Se trata de una sentencia de marcado carácter pro-contribuyente, que tiene que ver con la capacidad interruptiva de la prescripción de las declaraciones resumen que se presentan anualmente en el entorno de algunos impuestos como el IRPF, el IS o el IVA.
El nexo entre la declaración informativa y la declaración-liquidación a la que se refiere hizo considerar en un primer momento tanto a Administración tributaria como a la jurisprudencia inicial del Tribunal Supremo que esas declaraciones interrumpían el periodo de prescripción para la determinación de la deuda tributaria por parte de la Administración, lo que llevaba aparejado el alargamiento del periodo de prescripción más allá de los cuatro años a que se refiere la Ley General Tributaria por un plazo que podía ser superior hasta en 11 meses, en función del periodo trimestral de que se tratara.
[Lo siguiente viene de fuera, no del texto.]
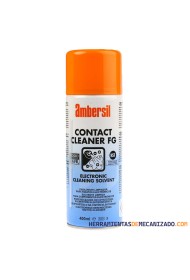 Ambersil Contact Cleaner FG Limpiador Electrónica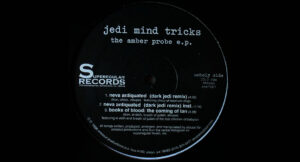 Jedi Mind Tricks - The Amber Probe (EP)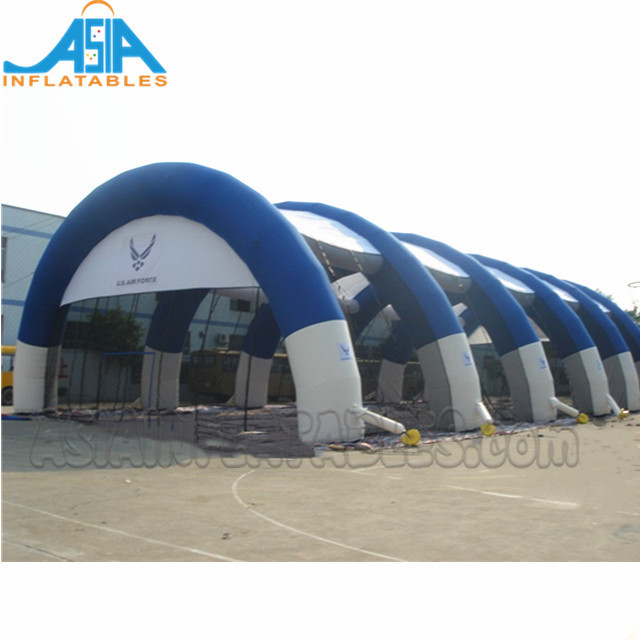 Inflatable Paintball Arena Tent Tennis Court Tent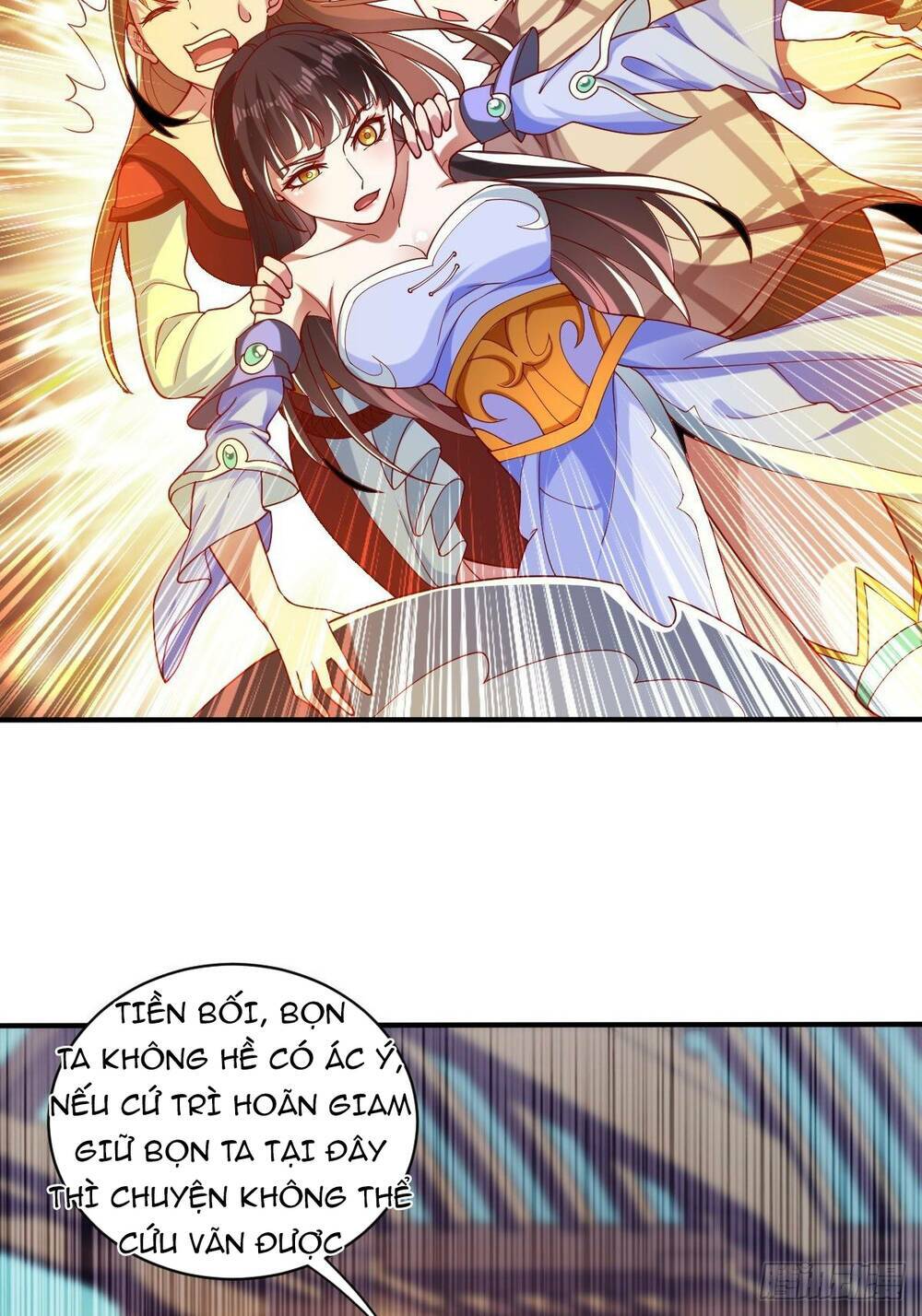 Cục Gạch Xông Vào Dị Giới: Chapter 41
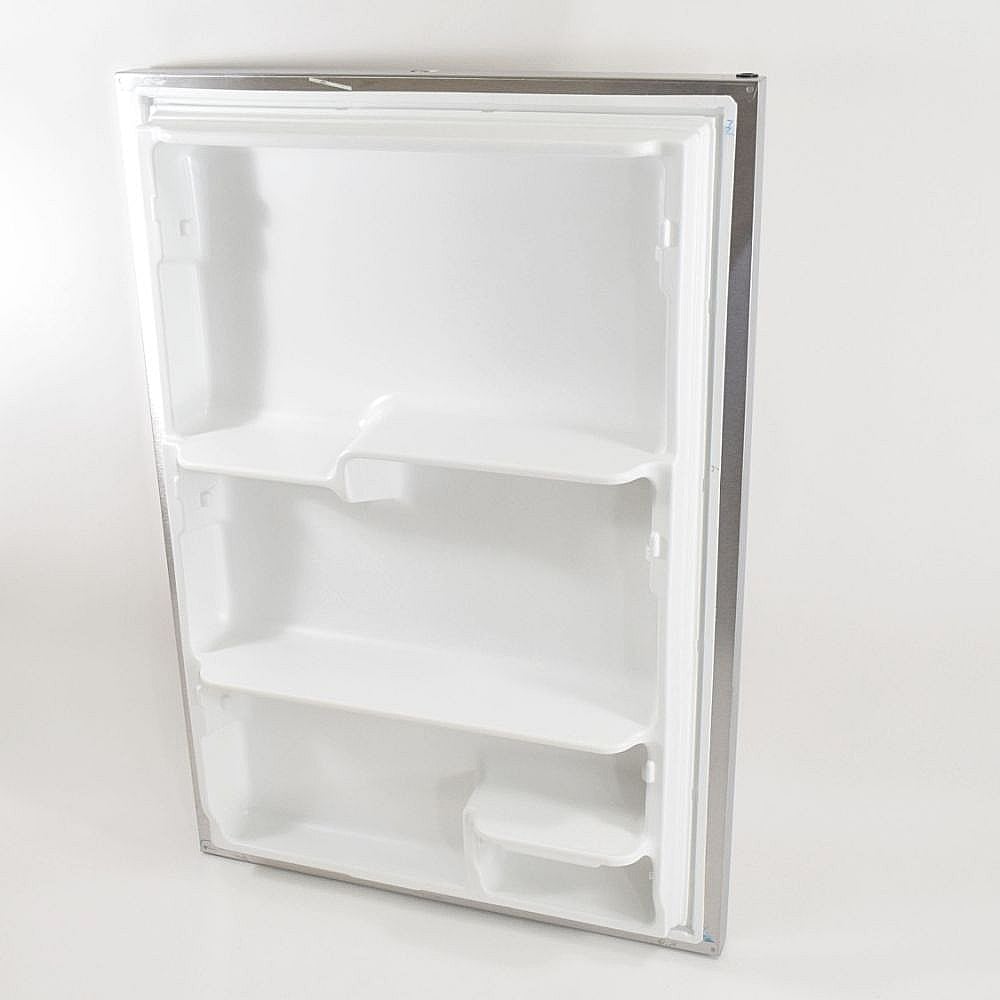 Crosley Part #241623441, Refrigerator Door Assembly (Stainless) | 11.00 x 35.00 x 47.00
Sin embargo, dos nuevas sentencias del Tribunal Supremo, entre ellas la dirigida por Sara Muñiz, reconducen la jurisprudencia hacia la posición contraria y es que, según señala ahora el Alto Tribunal, aplicando la nueva Ley General Tributaria –la jurisprudencia anterior aplicaba la LGT 1963- sólo pueden producir efectos interruptivos de la prescripción las declaraciones y autoliquidaciones que tienen un verdadero y completo contenido liquidatorio respecto del tributo correspondiente, y las declaraciones informativas no lo son y no lo producen, tanto para lo bueno como para lo malo; es decir, ni interrumpen el derecho a liquidar, ni el derecho del contribuyente a solicitar devoluciones de ingresos indebidos.
Gracias a esta nueva posición de la jurisprudencia, la Administración ha visto definitivamente cerrada la posibilidad de alargar hasta casi un 25% el periodo de prescripción para liquidar las deudas tributarias a que se refieren las declaraciones informativas.